La tolleranza del regime nei confronti dell’atonalità muterà a partire dal 1938: con l’approvazione delle leggi razziali, anche in Italia comincerà la caccia al compositore ebreo ma anche compositori non “giudei”, come Casella e Malipiero, verranno accusati di proporre una musica “degenerata”, lontana dall’anima “latina” e “italica” le cui origini vengono fatte risalire a Verdi.
Musica e totalitarismi: l’URSS di Stalin e la Germania nazista
Negli anni Trenta il rapporto tra musica e politica è scandito dal rapporto con il totalitarismo. In URSS, il regime staliniano censura Dmitrij Sostakovic (1906-1975) e Sergej Prokof’ev (1891-1953), che devono comporre opere in cui la ricerca formale è sacrificata in nome di un linguaggio che il regime impone debba essere “chiaro” e “popolare” – il modello è l’opera Il Placido Don di Ivan Dzerzinskij (1935). In Italia il regime fascista favorisce la creazione di opere che illustrino la grandezza del fascismo, ma, come si è visto, senza riuscire a coinvolgere che musicisti di seconda e terza fila o vecchie glorie ormai fuori gioco. È nella Germania nazista che invece la saldatura tra “grande musica” e potere politico è più solida: compongono per il regime Richard Strauss (1864-1949) – Lied fur 15 november 1933 (1934), Olympische Hymne (1936) – Carl Orff, Werner Egk, Hans Pfitzner, tutti pluripremiati, decorati e insigniti di incarichi organizzativi importanti nel mondo musicale del Terzo Reich. Naturalmente anch’essi sono sottoposti a censura, alcune volte sono accusati di atonalismo – che, nel linguaggio nazista, equivale a “ebraismo” – come accade a Werner Egk e persino allo Strauss di Friedenstag (1938). I compositori e direttori d’orchestra ebrei o non nazisti sono costretti all’esilio, soprattutto in Usa. Tra loro, Eisler e Schönberg sopravvivono componendo musica per Hollywood. In Usa si trova anche Arturo Toscanini, che, dall’alto della sua celebrità, si attiva per informare il mondo statunitense della pericolosità del fascismo.

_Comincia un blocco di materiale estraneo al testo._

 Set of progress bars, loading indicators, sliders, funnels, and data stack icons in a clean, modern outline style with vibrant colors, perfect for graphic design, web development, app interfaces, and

La seconda metà del Novecento
Dopo la seconda guerra mondiale, lo scenario musicale è diviso in due blocchi: in URSS e nei paesi socialisti i compositori creativi continuano con difficoltà a proporre le loro opere, spesso costretti al conformismo, come è il caso pure di Eisler, per tanti aspetti musicista di “regime” della nascente DDR; nell’Europa occidentale la saldatura tra avanguardia ed estrema sinistra è invece netta. Ciò avviene soprattutto in Italia e nella Germania Ovest, dove le neo-avanguardie di Luigi Nono (1924-1990), Luciano Berio (1925-2003), Giacomo Manzoni (1932-), e Heinz Werner Henze (1926-) rappresentano nelle loro opere l’avanzata della rivoluzione comunista e la sua epopea, come nel Gran sole carico d’amore di Luigi Nono (1975). Il massimo livello di partecipazione politica nel mondo musicale colto si raggiunge tra la fine degli anni Sessanta e l’inizio degli anni Settanta, quando si sperimenta un modello di creazione e di fruizione musicale disancorato da quello borghese e capitalistico. A partire dagli anni Ottanta le tensioni utopiche e riformatrici vengono meno, e i musicisti contemporanei dedicano sempre più raramente le loro opere a eventi della vita politica.